Por Anselmo Borges
Contra as expectativas, Bento XVI está a surpreender pela positiva. Passou por uma "conversão", e não só está a tomar medidas duras contra o clero pedófilo como vem agora falar francamente sobre o preservativo, para dizer que não é a solução para a sida, mas aceitando, pela primeira vez, o seu uso em certos casos. Fá-lo num livro, Luz do Mundo. O Papa, a Igreja e os Sinais dos Tempos, constituído por um conjunto de diálogos com o jornalista e escritor alemão Peter Seewald, que será publicado em todo o mundo e em várias línguas no dia 23, terça-feira.
As conversas entre Bento XVI e Peter Seewald versaram sobre temas tão diversos como os abusos do clero, o progresso, a tolerância e a intolerância, o celibato dos padres, a burqa, o cristianismo e a modernidade, a droga, o optimismo, o Papa Pio XII, a ordenação das mulheres, a Humanae Vitae, a sexualidade, o Além.
É a problemática da sexualidade que mais está a chamar a atenção da opinião pública mundial. De facto, pela primeira vez na história da Igreja, um Papa admite o uso do preservativo "em certos casos", especialmente quando se trata de "reduzir o risco de infecção" pela sida.
Esta aceitação aparece no capítulo 11 da obra, no contexto das palavras polémicas pronunciadas sobre esta questão, no voo a caminho dos Camarões e de Angola. Disse então o Papa que "o problema da sida não pode resolver-se com a distribuição de preservativos"; "a sida é uma tragédia que não pode resolver-se só com dinheiro, com a distribuição de preservativos, que inclusivamente agrava os problemas".
Agora, confrontado pelo jornalista, responde que "é óbvio que não vê o preservativo como uma solução real e moral", mas, "em alguns casos, nos quais a intenção é reduzir o risco de infecção, pode ser um primeiro passo no caminho para outra sexualidade mais humana".
Bento XVI sublinha que centrar-se no preservativo "quer dizer banalizar a sexualidade, e esta banalização representa precisamente o motivo perigoso por que tantas pessoas já não vêem na sexualidade a expressão do seu amor, mas apenas uma espécie de droga que administram a si próprias.

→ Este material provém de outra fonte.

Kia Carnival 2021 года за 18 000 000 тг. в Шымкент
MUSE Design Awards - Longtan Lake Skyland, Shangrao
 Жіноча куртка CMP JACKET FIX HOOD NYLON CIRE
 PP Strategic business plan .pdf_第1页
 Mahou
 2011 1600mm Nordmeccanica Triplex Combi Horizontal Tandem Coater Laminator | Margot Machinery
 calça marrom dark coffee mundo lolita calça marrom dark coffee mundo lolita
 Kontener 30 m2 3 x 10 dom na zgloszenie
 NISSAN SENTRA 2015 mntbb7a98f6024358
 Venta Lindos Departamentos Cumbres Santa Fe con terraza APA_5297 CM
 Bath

Por isso, também a luta contra a banalização da sexualidade é parte do grande esforço para que seja valorizada de modo positivo e possa exercer o seu efeito benéfico no ser humano na sua totalidade". O Papa insiste na vigência da estratégia ABC (Abstinence, Be faithfull, Condom: abstinência, fidelidade, preservativo). Portanto, para ele, o preservativo "não é o modo verdadeiro e próprio para vencer a infecção da sida. É realmente necessária a humanização da sexualidade". Mas admite que pode haver casos particulares nos quais se justifica a sua aceitação: por exemplo, quando um/a prostituto/a o usa ou exige o seu uso. Neste caso, diz, a sua utilização "pode ser o primeiro passo para uma moralização, um primeiro acto de responsabilidade para desenvolver a consciência de que nem tudo é permitido e que se não pode fazer tudo o que se quer".
Penso que não faltará quem, com razões, se pergunte se é tarefa do Papa pronunciar-se sobre esta questão. Onde está o respeito pela autonomia das pessoas? Seja como for, de facto, atendendo ao contexto, não se pode deixar de saudar este pronunciamento histórico, que só peca por tardio.